Though there are storyline elements that recall elements of everything from Hair to Godspell to Dreamgirls (not to mention the televised breakdown which recalls Merrily We Roll Along), the show's music by McCollum and Eric Nordin (also the production's musical director) is certainly not stock musical theatre stuff, nor is it mainstream pop music. In many instances, it is haunting and beautiful. I can't judge McCollum's lyrics fairly, for, as with many largely ensemble performed scores, the lyrics are very hard to understand, except for solo turns by the warm voiced McCollum himself and veteran musical theatre actress Susannah Mars (quite impressive as Sid's haughty Mother). Other featured performances that stand out are Julian Jaffe's fearless and bold turn as Fatima, Holcombe Waller's sweetly benign characterization and vibrant vocals as Grover, and Andy Lindberg as a trippy Taxi driver. The rest of the 18 member ensemble is tremendously cohesive executing Brynn Harris' often electric choreography.

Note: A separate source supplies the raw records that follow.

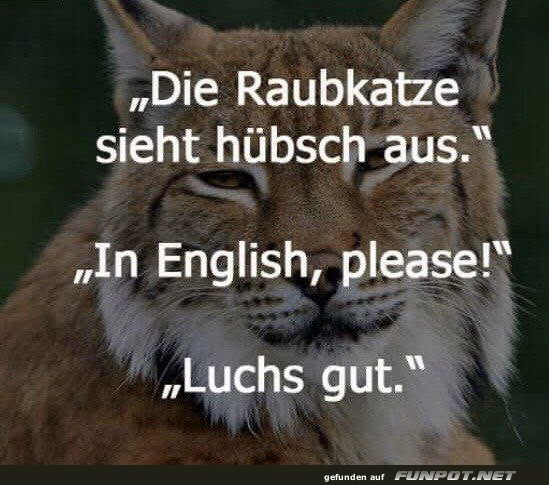 Wortspiel mit einer hübschen Raubkatze Wortspiel mit einer hübschen Raubkatze
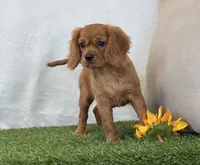 Josie , a female Cavalier King Charles Spaniel for sale in Dalton, OH – 2 of 10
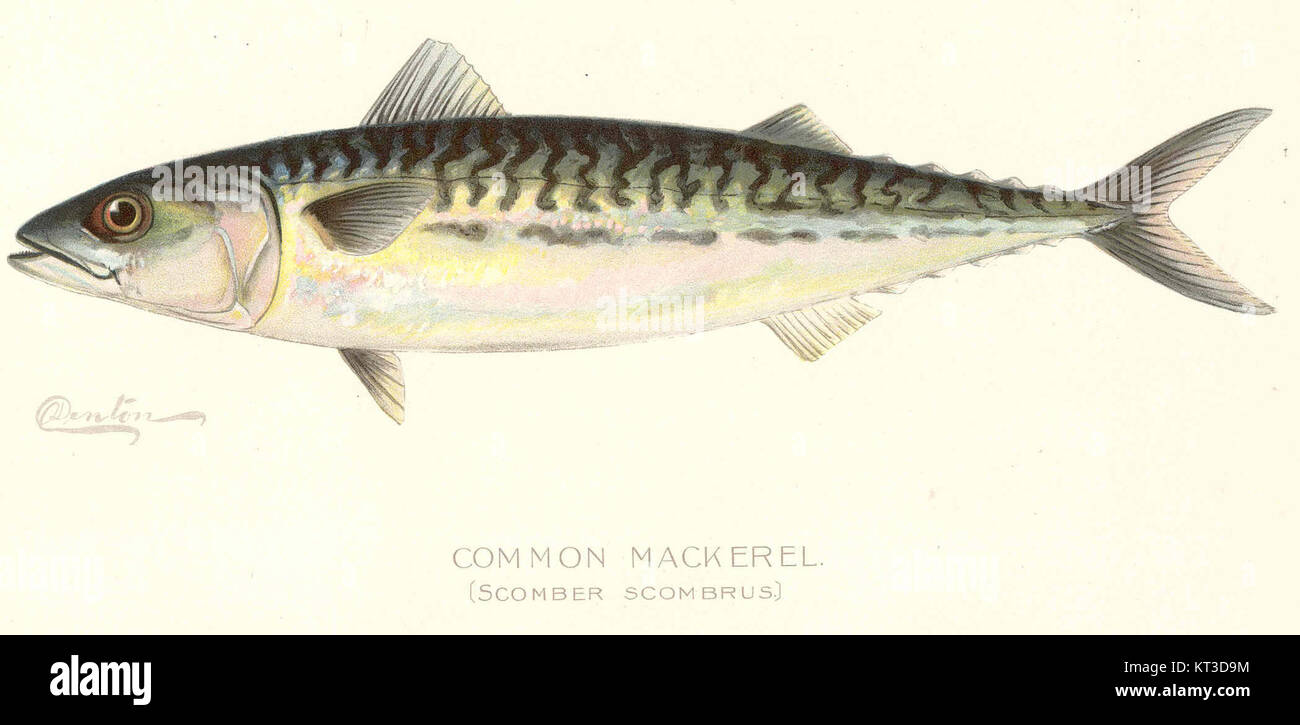 41562 Common Mackerel (Scomber scombrus) Stock Photo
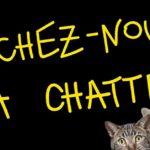 chatte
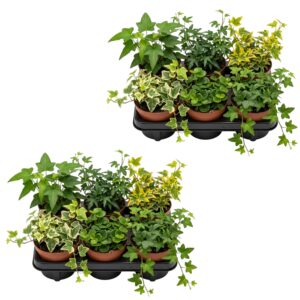 Hedera x12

The show is being performed in a really interesting newly redone Portland theatre space known as The Wonder Ballroom, and certain acoustical issues aside, its quirkiness suits the show well. All other technical elements are in impressive shape, given the demands of such a theatrical spectacle. The show's impressive orchestra featurs internationally known band Brothers of the Balladi, with Portland musician Ben Landsverk on keyboards and viola.
Having enjoyed a few moments to chat with Wade McCollum after the performance, I found him eminently likable and devoted to his show, and to the cause of theatre artists receiving the pay they deserve. I wouldn't be at all surprised to see one of this talented gentleman's efforts reach the Broadway stage (a stated goal for this show), but I would be surprised to see ONE - The Musical get there unless Wade is willing to sell out the same kind of core beliefs that Sid Arthur does in the show.
ONE - The Musical runs through October 1 at The Wonder Ballroom, 128 NE Russell, Portland, OR. Reserved tickets are available through Ticketmaster 503.224.4400 or www.ticketmaster.com. For more information go on-line at www.insightouttheatre.org.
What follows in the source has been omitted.